■ Task requirements: Extract only the first line of the listing and every line after it up to and including the one with "Contrast also allows". Omit the pictures.
▼
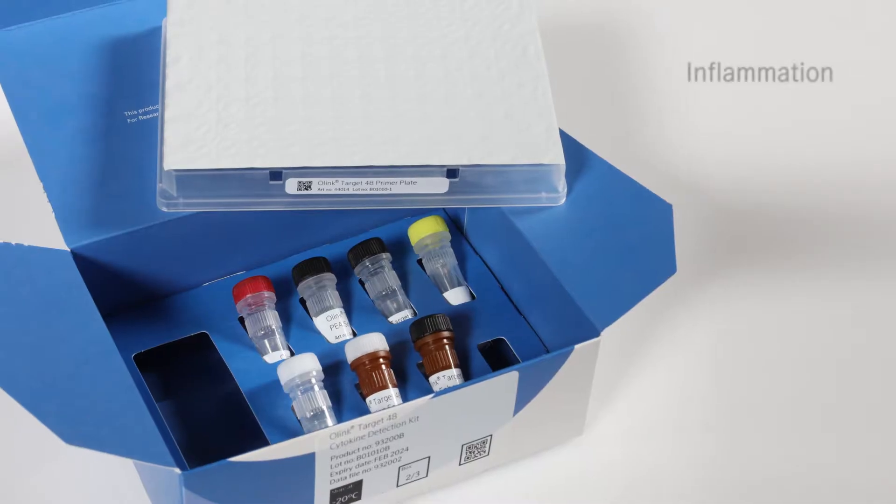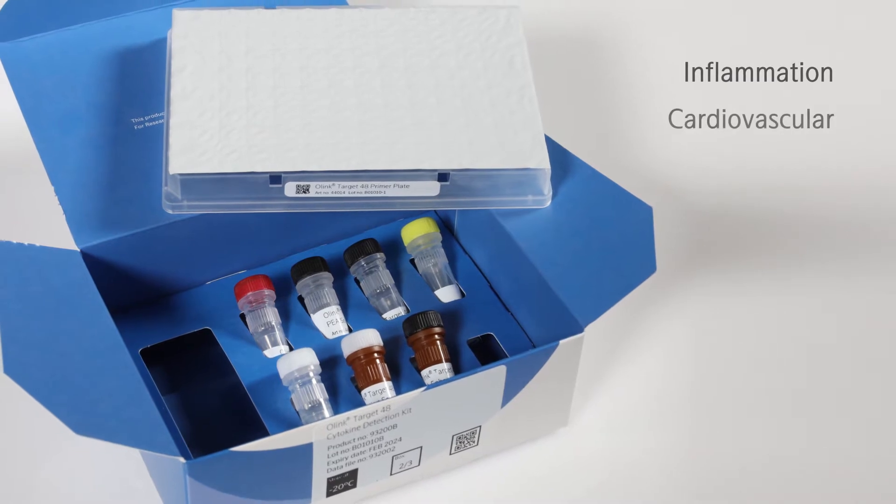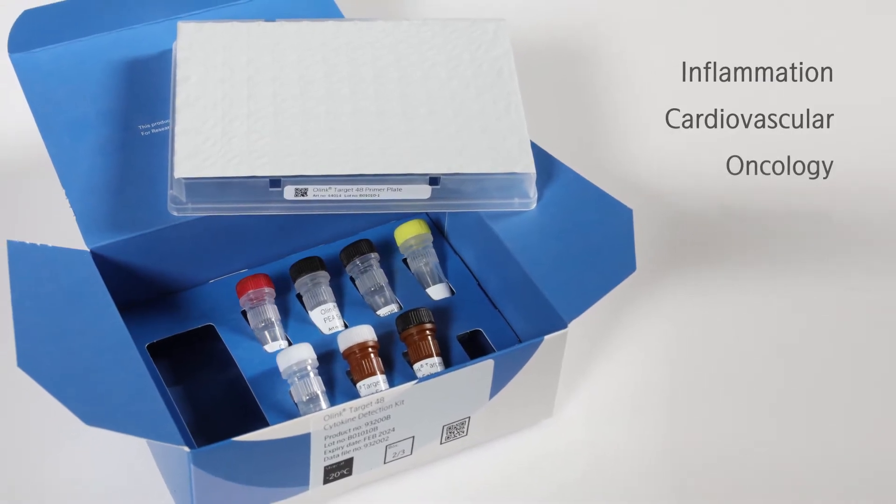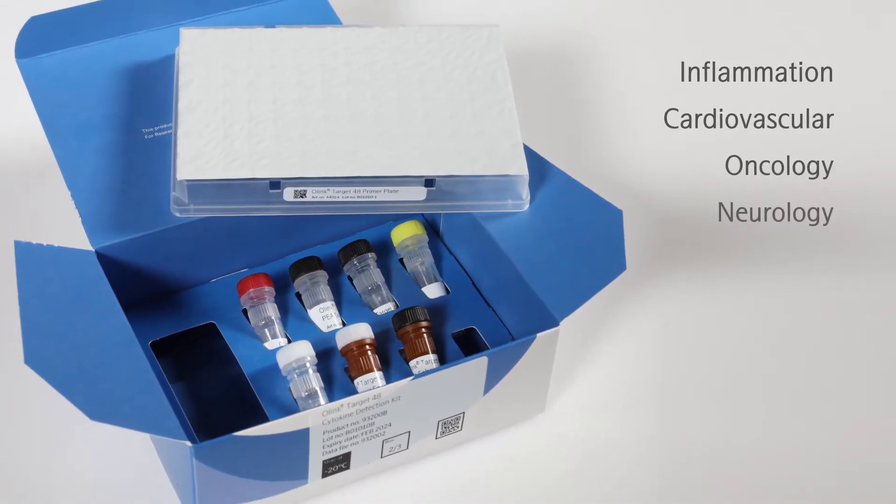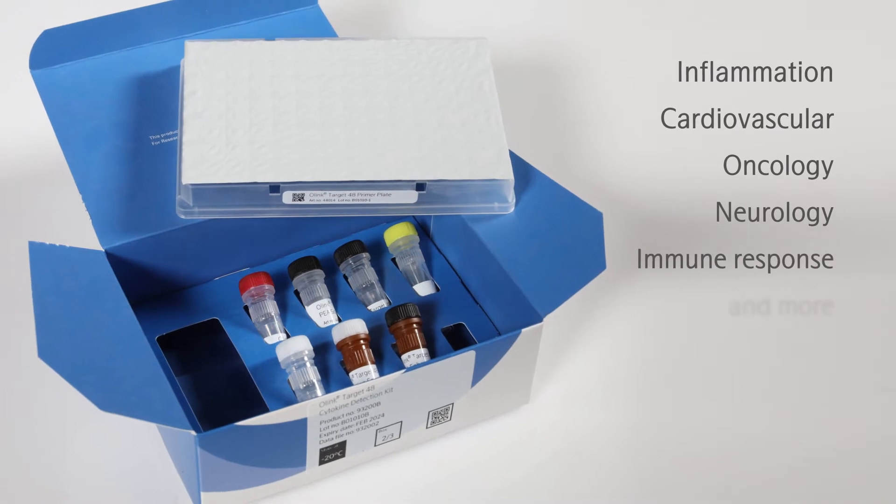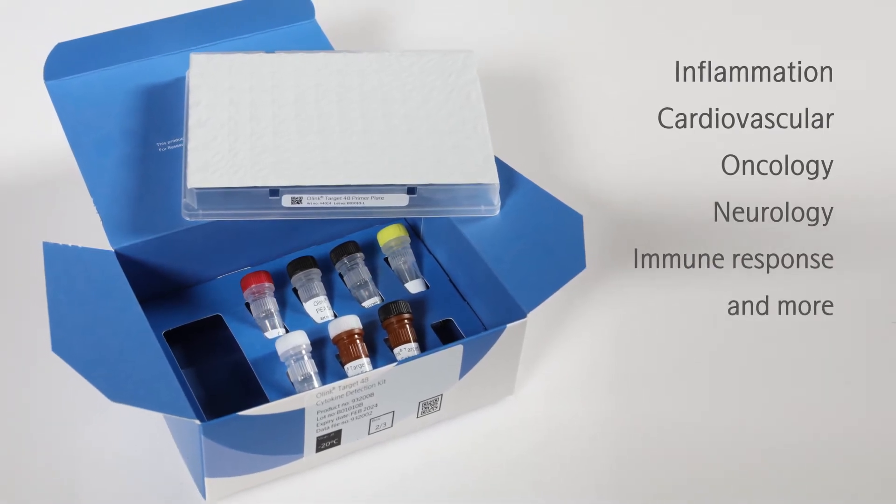Each O-Link target protein panel is designed to study a specific disease or biological process, such as immune response, using only a microliter of blood.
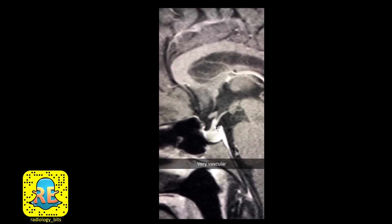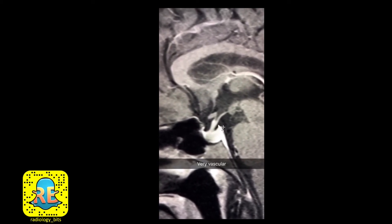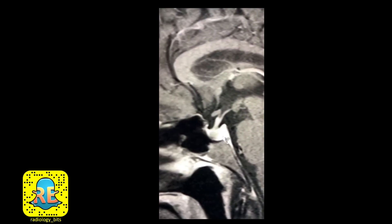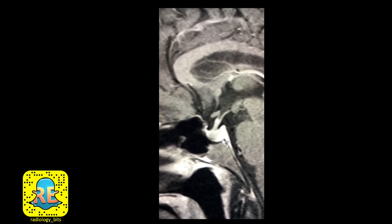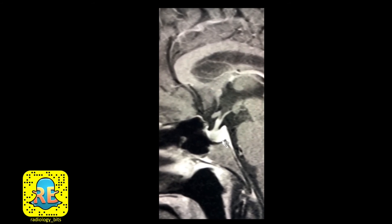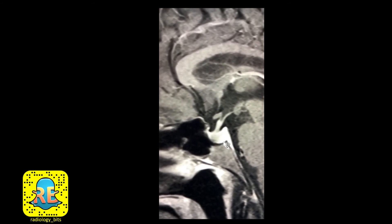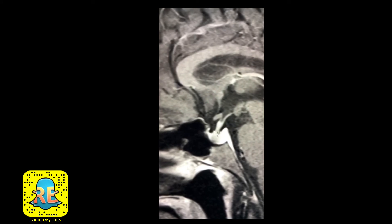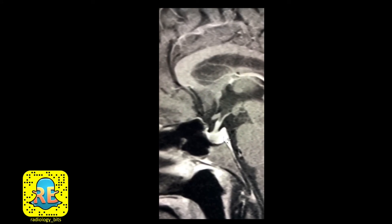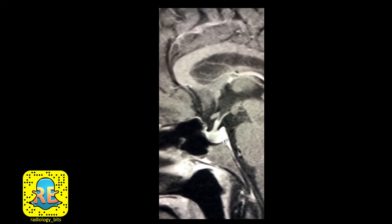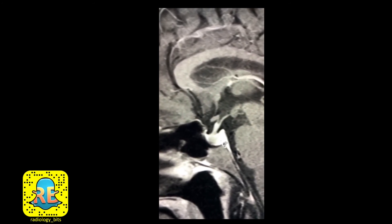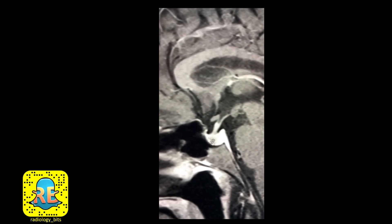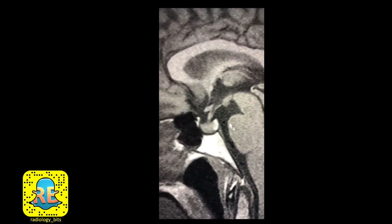Contrast also allows better delineation of the size and appearance of the stalk itself. The normal size of the pituitary gland depends on the patient's age and hormonal status. Younger adults have a bulkier gland compared to older patients. Patients who are pregnant or at puberty — where there is lots of hormonal activity — will also have a bulkier pituitary gland.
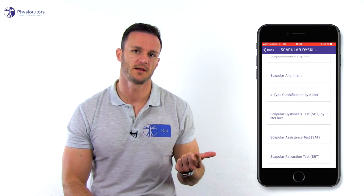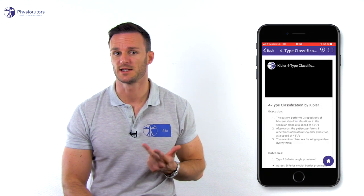But are we able to identify patients with scapular dyskinesis in the first place? On our channel, there are different methods for clinicians to assess scapular dyskinesis, like the Kibler 4-type classification, the yes-no method, or the scapular dyskinesis test. What they all have in common is that their inter-rater reliability is only moderate, meaning there will be quite a few cases where two examiners won't agree on whether scapular dyskinesis is present or not.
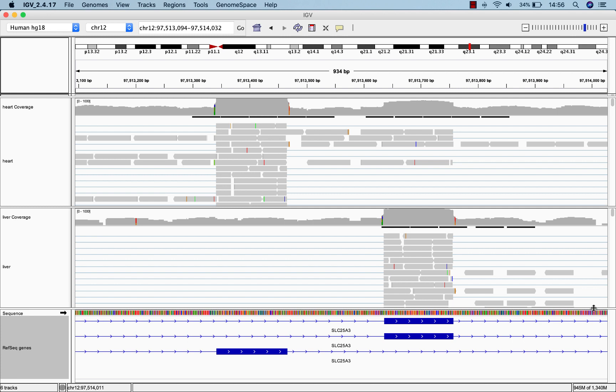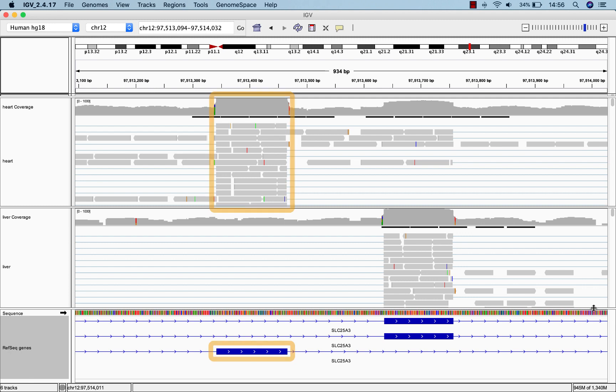This phosphate transfer gene has three different isoforms due to alternative splicing. It seems heart and liver are expressing these isoforms differently. For example, heart is expressing the third isoform significantly more than liver. This is an important biological distinction that is easily visualized in IGV.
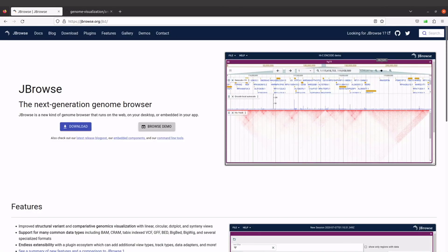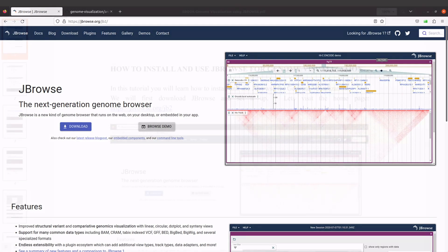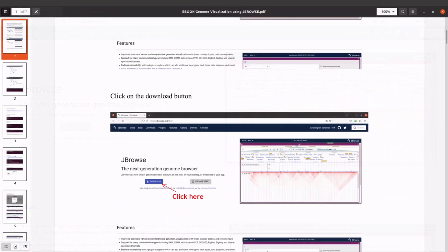Hi everyone, in today's tutorial I am going to show you how you can install, setup and use JBrowse. JBrowse is a tool that is used for visualizing genomes, so you can use it to visualize genome annotations.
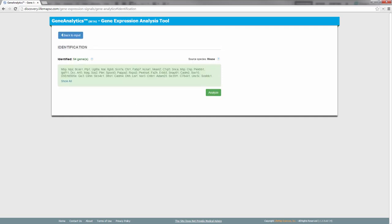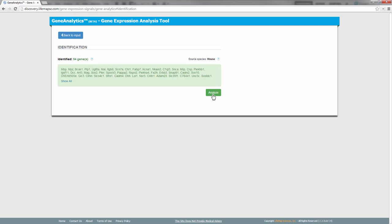As we can see, all the genes in our list are identified. Let's click on Analyze to get results for this gene set.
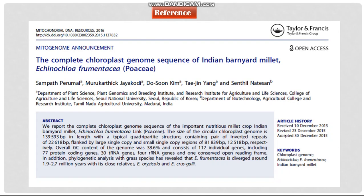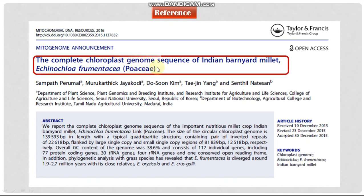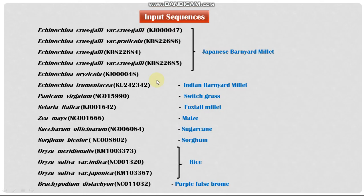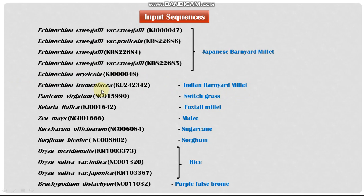Here, I am demonstrating the PHYLIP software with the data taken from the article The Complete Chloroplast Genome Sequence of Indian Barnyard Millet Echinochloa frumentacea from Poaceae family. With reference to this article, I have taken 15 input sequences that is the chloroplast genome from various Barnyard Millet, Japanese Barnyard Millet Echinochloa crusgalli species, Echinochloa frumentacea and Indian Barnyard Millet Echinochloa frumentacea, and from other species in grass family such as Foxtail Millet, Maize, Sugarcane, Sorghum, Rice and Purple False Brome.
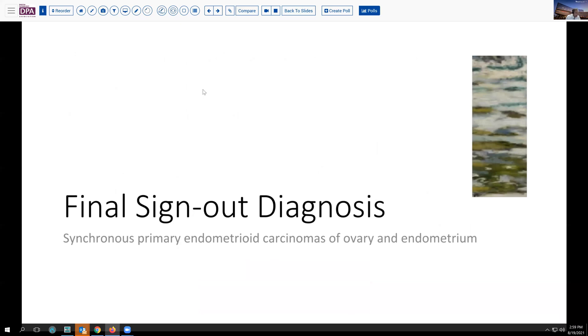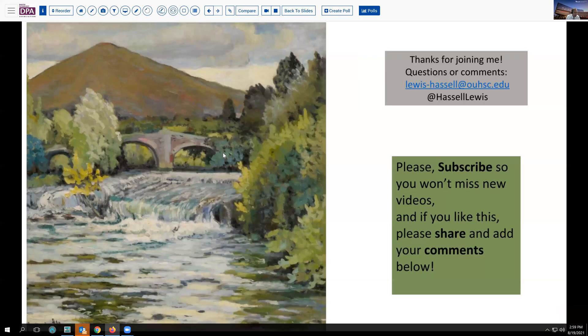Our final sign-out on our particular case with the de-differentiation: synchronous primary endometrioid carcinomas of the ovary and endometrium with de-differentiation in the ovarian tumor and spread to the peritoneum. I hope you found this discussion helpful. Please refer to the chart we've provided and come back to review the slides, which we will link in the comment section below. We appreciate your subscribing to our channel, and we always welcome your comments, either directly or in the chat box below. Thanks so much for joining me.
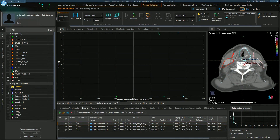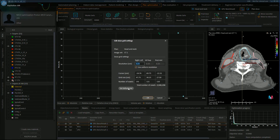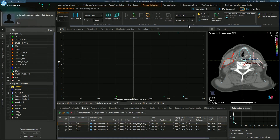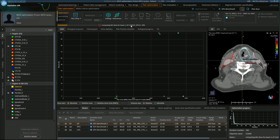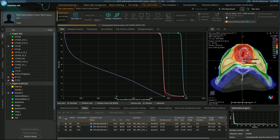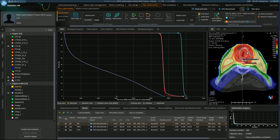In RayStation 10b, we're excited to release dose computation on the GPU for our Proton PBS planning. Here I have our head and neck case. My dose grid setting is 0.25 and I have an uncertainty of 0.5. When I press final dose, you'll be able to see the GPU calculating in about five seconds. The speed of this calculation is great because it means you can plan patients even faster and spend more time making the best possible plan rather than waiting for dose calculation.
▲
■ Answer to this task:
Each O-Link target protein panel is designed to study a specific disease or biological process, such as immune response, using only a microliter of blood.
Contrast also allows better delineation of the size and appearance of the stalk itself. The normal size of the pituitary gland depends on the patient's age and hormonal status. Younger adults have a bulkier gland compared to older patients. Patients who are pregnant or at puberty — where there is lots of hormonal activity — will also have a bulkier pituitary gland.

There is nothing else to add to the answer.